[Given data — start]

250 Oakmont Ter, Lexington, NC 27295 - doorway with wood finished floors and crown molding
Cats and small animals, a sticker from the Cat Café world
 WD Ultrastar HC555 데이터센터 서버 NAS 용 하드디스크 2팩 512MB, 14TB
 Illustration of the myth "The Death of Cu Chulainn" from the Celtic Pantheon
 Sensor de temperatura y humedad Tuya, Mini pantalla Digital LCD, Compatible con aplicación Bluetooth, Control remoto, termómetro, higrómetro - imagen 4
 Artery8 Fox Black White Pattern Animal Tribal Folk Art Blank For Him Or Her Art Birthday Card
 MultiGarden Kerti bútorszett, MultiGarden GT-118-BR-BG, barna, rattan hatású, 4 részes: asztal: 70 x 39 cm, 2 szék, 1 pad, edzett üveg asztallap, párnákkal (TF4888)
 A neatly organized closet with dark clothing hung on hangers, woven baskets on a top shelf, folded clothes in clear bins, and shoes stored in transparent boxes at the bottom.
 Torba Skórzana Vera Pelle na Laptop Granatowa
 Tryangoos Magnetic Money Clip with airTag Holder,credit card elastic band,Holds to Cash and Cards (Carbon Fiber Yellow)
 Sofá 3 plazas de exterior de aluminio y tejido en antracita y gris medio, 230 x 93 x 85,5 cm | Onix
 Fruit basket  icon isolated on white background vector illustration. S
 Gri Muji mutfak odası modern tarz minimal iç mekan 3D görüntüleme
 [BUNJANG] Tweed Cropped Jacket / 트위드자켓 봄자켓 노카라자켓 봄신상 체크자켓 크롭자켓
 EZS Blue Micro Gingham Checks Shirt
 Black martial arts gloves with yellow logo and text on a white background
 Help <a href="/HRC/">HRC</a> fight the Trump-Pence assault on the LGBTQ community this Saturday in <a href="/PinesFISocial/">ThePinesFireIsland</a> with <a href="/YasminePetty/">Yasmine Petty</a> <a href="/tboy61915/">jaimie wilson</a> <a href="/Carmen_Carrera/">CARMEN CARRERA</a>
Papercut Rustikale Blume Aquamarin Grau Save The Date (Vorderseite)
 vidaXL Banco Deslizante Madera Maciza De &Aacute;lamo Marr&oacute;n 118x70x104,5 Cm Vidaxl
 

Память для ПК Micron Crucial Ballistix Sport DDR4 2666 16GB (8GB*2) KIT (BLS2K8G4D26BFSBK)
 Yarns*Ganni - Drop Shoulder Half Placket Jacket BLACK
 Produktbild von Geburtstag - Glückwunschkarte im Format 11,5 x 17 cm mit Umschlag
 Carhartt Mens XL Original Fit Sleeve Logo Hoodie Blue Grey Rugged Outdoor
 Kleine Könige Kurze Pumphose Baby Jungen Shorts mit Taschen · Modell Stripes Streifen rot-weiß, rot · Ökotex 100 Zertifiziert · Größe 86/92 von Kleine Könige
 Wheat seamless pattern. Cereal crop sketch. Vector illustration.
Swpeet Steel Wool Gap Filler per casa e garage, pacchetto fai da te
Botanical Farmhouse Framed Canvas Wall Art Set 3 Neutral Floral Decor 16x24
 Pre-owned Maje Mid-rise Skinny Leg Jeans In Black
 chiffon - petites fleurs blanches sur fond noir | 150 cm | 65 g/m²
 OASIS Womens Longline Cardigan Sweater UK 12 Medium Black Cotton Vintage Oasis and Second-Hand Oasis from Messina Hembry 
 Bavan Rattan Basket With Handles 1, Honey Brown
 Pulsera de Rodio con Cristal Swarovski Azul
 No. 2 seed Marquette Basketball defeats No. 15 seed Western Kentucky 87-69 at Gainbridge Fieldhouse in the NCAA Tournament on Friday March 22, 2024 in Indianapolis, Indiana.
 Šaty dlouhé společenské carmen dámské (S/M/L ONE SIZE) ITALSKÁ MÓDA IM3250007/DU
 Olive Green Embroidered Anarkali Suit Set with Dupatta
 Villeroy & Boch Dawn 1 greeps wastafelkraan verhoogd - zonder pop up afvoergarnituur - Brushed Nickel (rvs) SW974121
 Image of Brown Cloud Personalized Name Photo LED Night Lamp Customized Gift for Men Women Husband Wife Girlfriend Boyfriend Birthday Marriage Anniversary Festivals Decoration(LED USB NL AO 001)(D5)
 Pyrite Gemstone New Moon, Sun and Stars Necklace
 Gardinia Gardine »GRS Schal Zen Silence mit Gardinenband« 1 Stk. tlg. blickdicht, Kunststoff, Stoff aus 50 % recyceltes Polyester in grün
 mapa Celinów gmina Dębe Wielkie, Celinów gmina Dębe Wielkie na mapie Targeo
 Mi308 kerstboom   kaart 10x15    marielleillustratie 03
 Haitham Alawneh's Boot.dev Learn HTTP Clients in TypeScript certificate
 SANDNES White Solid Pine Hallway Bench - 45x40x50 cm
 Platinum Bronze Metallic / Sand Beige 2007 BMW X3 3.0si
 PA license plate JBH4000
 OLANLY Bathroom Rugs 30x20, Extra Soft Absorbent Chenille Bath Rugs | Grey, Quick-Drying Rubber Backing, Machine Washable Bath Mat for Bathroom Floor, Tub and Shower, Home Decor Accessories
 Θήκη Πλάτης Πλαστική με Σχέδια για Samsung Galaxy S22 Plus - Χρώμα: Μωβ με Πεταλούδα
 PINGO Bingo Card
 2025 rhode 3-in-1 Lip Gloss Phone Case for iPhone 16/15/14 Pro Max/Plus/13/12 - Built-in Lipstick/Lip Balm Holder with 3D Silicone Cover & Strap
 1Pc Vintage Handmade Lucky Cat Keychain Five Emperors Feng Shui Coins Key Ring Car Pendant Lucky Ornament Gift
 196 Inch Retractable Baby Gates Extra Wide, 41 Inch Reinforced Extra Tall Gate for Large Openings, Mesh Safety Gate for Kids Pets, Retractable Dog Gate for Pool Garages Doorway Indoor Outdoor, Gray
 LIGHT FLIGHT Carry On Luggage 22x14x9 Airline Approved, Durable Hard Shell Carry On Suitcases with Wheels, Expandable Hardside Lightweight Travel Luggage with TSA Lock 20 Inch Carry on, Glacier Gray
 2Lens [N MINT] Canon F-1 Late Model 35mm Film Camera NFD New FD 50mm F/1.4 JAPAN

[Given data — finish]

Exercise details:
In the reply, include exactly the lines from the beginning of the entries above through the line holding "WD Ultrastar HC555", and nothing besides.

Solution to the exercise:
250 Oakmont Ter, Lexington, NC 27295 - doorway with wood finished floors and crown molding
Cats and small animals, a sticker from the Cat Café world
 WD Ultrastar HC555 데이터센터 서버 NAS 용 하드디스크 2팩 512MB, 14TB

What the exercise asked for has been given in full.